What the task requires: Count every line in the data that contains the word "Shirts", then report that number alone.

Available records:
* * * *

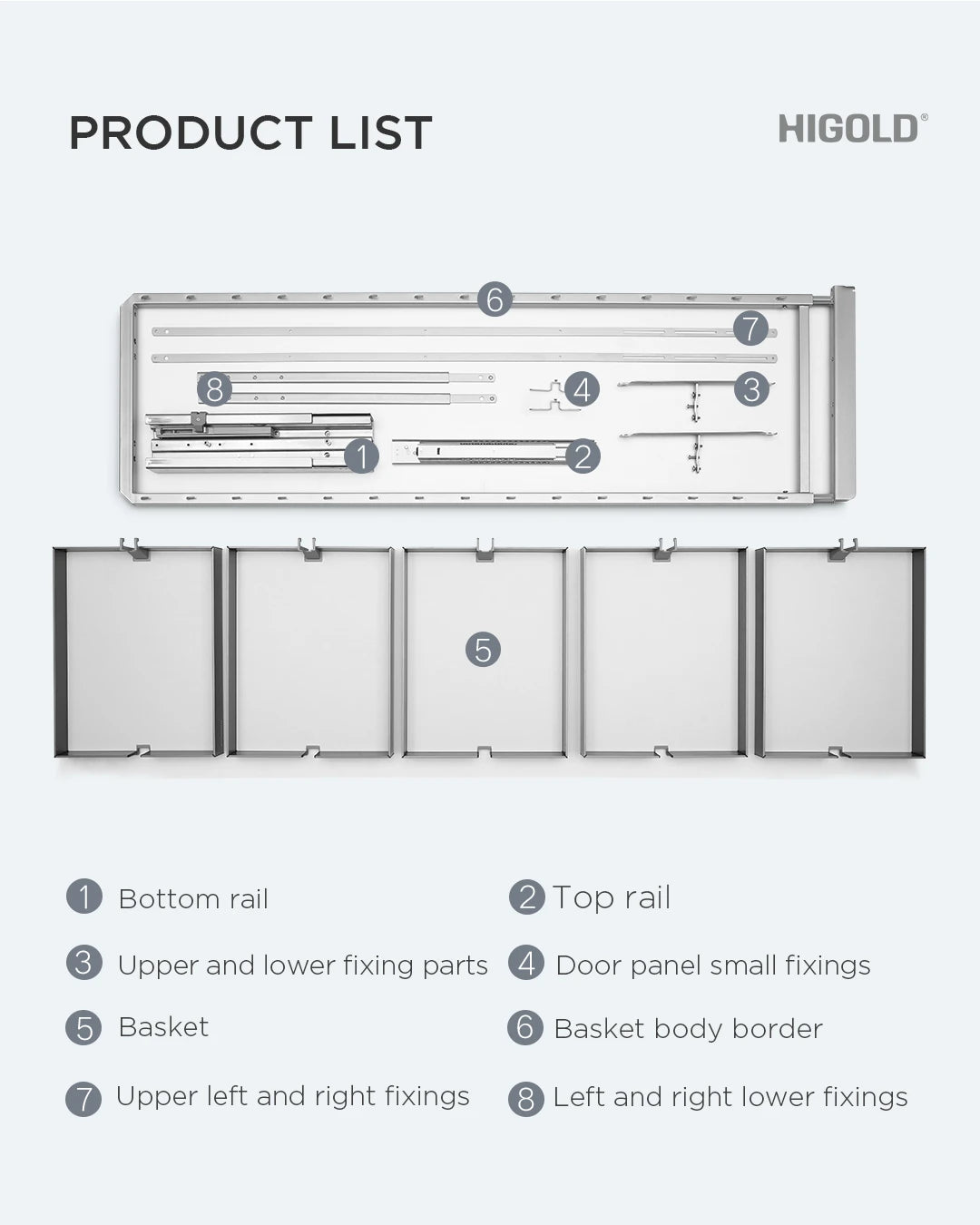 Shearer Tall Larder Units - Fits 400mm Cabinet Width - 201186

* * * *

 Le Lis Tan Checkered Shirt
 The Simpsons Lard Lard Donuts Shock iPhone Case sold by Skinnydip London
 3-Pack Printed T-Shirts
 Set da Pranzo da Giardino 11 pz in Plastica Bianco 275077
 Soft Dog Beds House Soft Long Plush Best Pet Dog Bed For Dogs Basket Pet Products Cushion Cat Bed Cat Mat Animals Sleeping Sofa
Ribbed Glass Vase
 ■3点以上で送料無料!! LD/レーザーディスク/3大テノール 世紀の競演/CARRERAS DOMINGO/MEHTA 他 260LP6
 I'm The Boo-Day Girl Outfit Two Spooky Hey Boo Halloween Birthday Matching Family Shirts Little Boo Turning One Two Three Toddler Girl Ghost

* * * *

Expected output: 2